Przekazywanie władzom USA przez SWIFT objętych tajemnicą bankową danych o międzynarodowych transakcjach finansowych w ramach wojny z terroryzmem naruszało reguły prywatności obywateli krajów UE - powiedział premier Belgii Guy Verhofstadt.
SWIFT (Society for Worldwide Interbank Financial Telecommunication) to rodzaj skrzynki kontaktowej między blisko ośmioma tysiącami banków we wszystkich krajach świata, także w Polsce, umożliwiającej międzynarodowy przepływ pieniędzy.
Dziennie przepływa przezeń 9 milionów zleceń o łącznej wartości 6 mld dolarów. Ze względu na lokalizację siedziby w Brukseli nadzór nad działalnością firmy sprawuje belgijski bank centralny BNB. Bazy danych znajdują się w USA i Holandii.
SWIFT nielegalny
Premier Belgii wypowiedział się po tym, jak belgijska komisja ds. ochrony prywatności (niezależna instytucja istniejąca od 1992 r.) przedstawiła raport rządowi w sprawie transferu do USA danych przez SWIFT.

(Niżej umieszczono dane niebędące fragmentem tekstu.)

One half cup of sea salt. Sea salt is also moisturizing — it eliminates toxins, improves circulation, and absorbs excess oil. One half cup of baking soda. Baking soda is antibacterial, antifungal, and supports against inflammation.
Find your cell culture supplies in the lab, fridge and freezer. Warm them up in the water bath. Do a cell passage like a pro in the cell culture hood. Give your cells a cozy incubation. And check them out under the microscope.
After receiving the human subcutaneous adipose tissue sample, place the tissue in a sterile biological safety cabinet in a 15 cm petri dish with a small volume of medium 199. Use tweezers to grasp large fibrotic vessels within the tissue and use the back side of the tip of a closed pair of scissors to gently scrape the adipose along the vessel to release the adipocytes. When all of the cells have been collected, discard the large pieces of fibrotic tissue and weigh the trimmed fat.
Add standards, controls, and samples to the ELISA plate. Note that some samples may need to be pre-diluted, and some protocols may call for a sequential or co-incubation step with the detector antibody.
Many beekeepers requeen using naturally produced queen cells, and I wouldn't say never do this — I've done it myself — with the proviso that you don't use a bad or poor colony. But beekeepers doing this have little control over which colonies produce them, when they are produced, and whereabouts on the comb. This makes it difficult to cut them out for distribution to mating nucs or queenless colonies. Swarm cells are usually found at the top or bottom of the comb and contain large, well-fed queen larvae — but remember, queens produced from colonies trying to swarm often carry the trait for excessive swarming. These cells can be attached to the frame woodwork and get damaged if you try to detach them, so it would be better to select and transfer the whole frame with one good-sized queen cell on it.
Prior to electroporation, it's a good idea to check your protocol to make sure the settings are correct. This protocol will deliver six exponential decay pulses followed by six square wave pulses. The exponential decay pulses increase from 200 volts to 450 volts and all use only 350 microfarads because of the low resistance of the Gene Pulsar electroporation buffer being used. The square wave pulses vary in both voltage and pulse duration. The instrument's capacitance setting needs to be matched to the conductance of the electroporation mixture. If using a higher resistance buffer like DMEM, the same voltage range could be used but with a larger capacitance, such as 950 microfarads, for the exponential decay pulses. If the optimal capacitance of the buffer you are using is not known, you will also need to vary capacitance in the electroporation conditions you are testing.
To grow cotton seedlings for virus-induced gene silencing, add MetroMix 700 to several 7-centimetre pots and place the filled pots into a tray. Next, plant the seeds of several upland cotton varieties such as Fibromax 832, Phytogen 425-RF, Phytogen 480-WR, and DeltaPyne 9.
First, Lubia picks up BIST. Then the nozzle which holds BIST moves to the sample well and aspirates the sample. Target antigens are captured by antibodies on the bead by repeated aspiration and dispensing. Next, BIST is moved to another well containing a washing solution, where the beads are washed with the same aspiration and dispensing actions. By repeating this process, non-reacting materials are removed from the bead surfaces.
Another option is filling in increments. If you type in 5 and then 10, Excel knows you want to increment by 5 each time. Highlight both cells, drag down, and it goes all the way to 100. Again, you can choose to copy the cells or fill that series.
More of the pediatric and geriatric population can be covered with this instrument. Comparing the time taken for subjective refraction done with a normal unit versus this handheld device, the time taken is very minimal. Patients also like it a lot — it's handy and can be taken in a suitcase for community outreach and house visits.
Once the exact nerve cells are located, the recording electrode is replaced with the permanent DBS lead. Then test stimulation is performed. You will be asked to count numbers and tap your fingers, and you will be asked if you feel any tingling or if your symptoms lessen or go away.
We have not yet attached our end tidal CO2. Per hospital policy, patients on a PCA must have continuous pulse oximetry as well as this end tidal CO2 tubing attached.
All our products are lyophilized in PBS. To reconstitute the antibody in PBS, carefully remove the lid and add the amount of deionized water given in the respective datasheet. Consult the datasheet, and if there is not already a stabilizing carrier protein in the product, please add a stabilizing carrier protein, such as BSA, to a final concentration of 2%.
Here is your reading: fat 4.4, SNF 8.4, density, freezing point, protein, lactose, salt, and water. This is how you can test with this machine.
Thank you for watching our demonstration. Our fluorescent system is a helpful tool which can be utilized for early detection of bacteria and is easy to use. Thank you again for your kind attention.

Na początku lipca Parlament Europejski zażądał, aby Komisja Europejska, rządy krajów członkowskich UE oraz Europejski Bank Centralny wyjaśniły, w jakim stopniu wiedziały o tajnych porozumieniach między systemem SWIFT, a rządem USA w sprawie dostępu do danych bankowych. Eurodeputowani przyjęli rezolucję, w której sprzeciwili się "jakimkolwiek tajnym operacjom na terytorium UE, które mogłyby naruszyć prywatność jej obywateli".
Po ujawnieniu afery o przekazywaniu przez SWIFT władzom USA danych o międzynarodowych transakcjach finansowych w ramach wojny z terroryzmem, rząd Belgii ogłosił, że odpowiedzialny za to był wyłącznie amerykański oddział firmy SWIFT, a wszystko działo się na wniosek Ministerstwa Finansów (Skarbu) USA i we współpracy z CIA.
Potrzebny kompromis
Verhofstadt zaznaczył, że status SWIFT powoduje kolizję między prawem unijnym i amerykańskim. Podkreślił, że Bruksela musi rozpocząć negocjacje z Waszyngtonem w tej sprawie.
"Potrzebujemy umowy (w sprawie transferu osobistych danych finansowych), ponieważ prawdą jest, że unijne prawo zawiera więcej gwarancji (odnośnie ochrony danych) niż prawo amerykańskie" - dodał.